EXERCISE DATA Start Marker
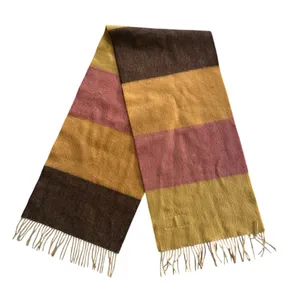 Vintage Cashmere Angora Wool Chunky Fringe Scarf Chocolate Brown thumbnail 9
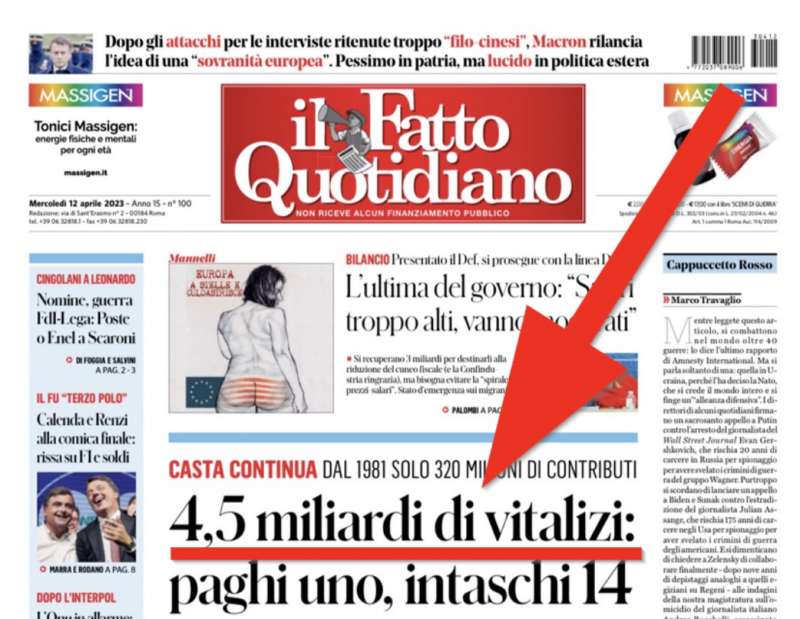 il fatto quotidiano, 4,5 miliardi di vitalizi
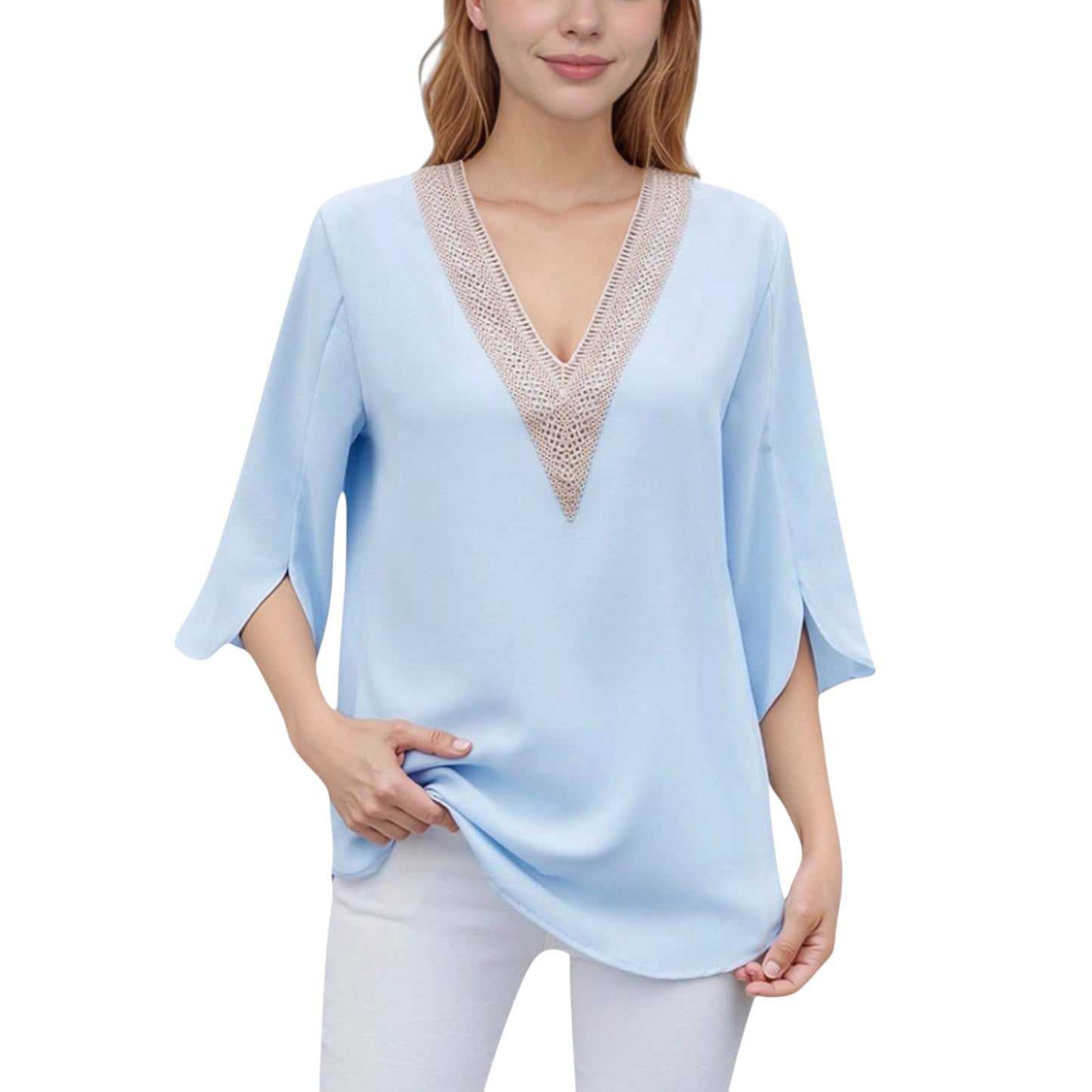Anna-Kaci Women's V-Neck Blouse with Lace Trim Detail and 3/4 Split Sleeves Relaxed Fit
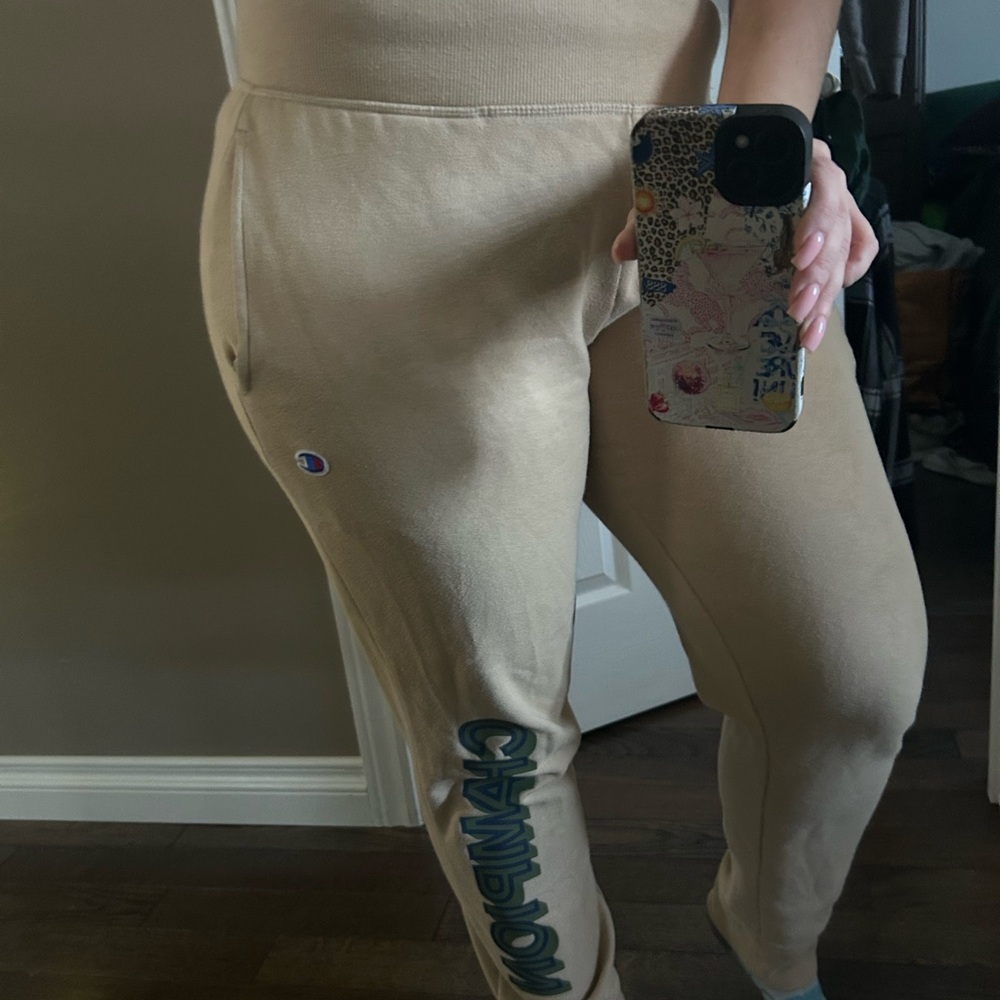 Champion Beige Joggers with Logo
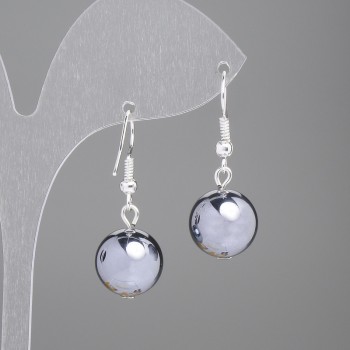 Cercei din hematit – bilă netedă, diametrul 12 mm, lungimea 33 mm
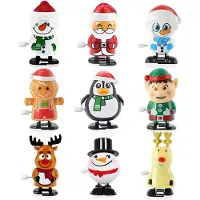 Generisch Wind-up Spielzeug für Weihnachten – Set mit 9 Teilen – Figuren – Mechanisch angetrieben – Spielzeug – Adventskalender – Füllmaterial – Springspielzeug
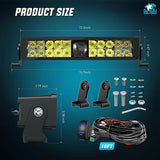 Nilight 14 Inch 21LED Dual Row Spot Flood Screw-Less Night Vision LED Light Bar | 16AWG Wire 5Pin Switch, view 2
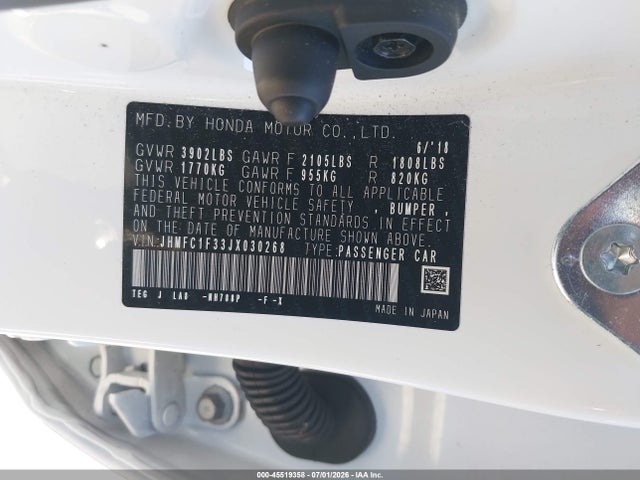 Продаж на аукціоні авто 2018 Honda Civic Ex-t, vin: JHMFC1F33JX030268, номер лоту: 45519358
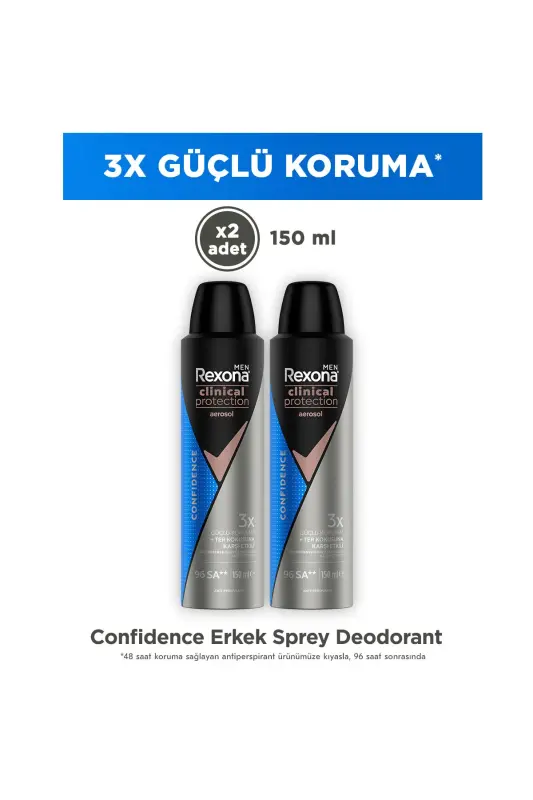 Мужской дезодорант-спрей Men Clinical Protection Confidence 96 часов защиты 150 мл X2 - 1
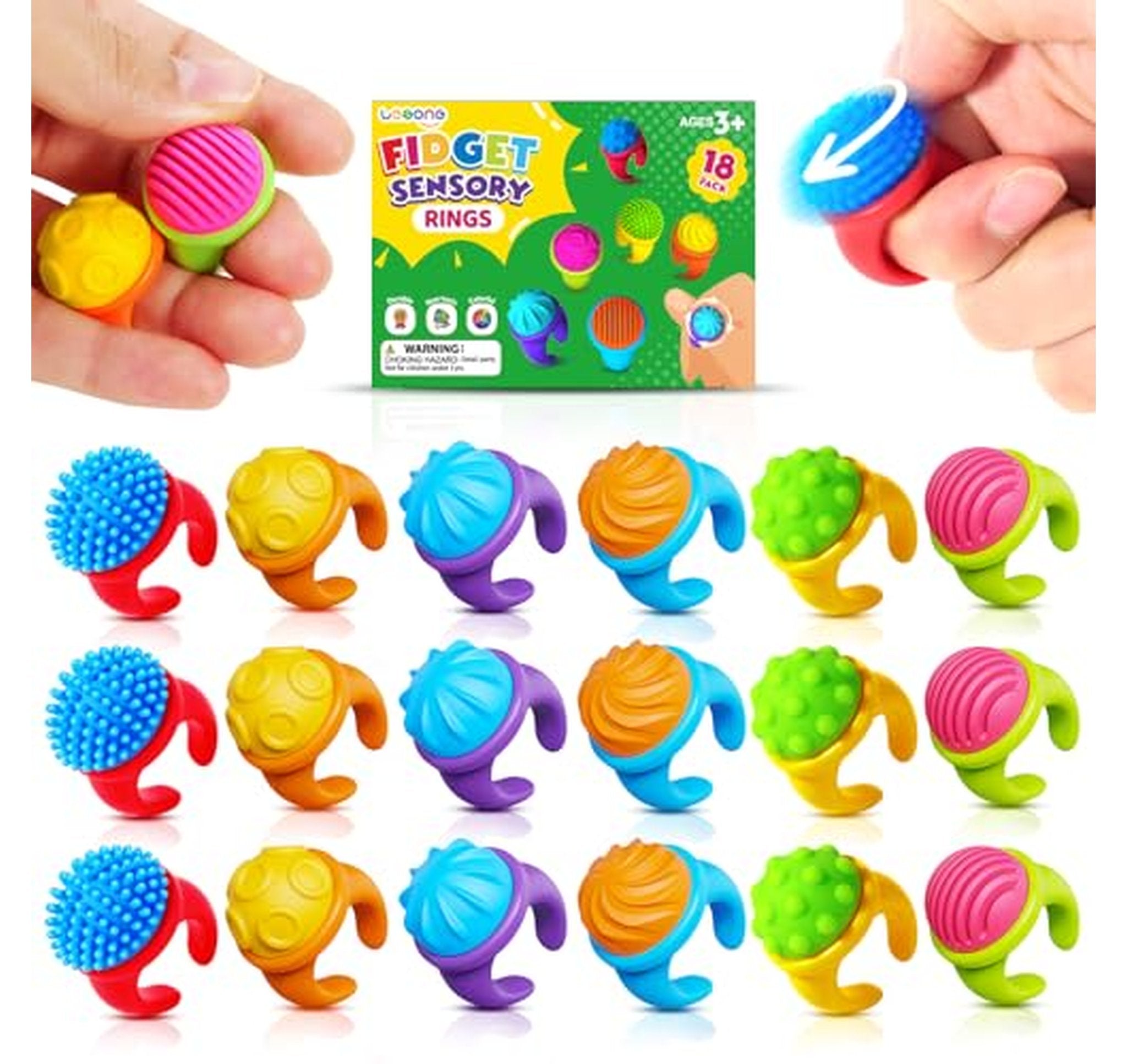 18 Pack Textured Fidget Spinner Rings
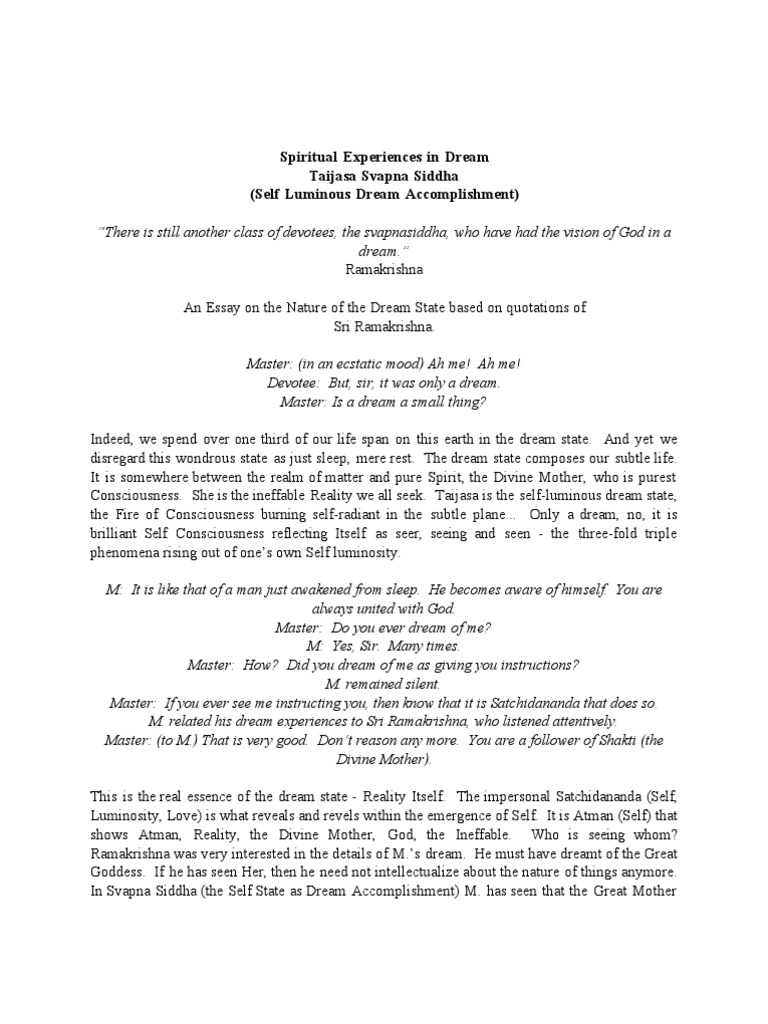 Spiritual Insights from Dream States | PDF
EXERCISE DATA End Marker
§ **WHAT IS REQUIRED**
With the pictures left out, copy exactly the lines from the one containing "Мужской дезодорант-спрей Men" through the last line of the data.

§ **TASK RESPONSE**
 Мужской дезодорант-спрей Men Clinical Protection Confidence 96 часов защиты 150 мл X2 - 1
 18 Pack Textured Fidget Spinner Rings
 Spiritual Insights from Dream States | PDF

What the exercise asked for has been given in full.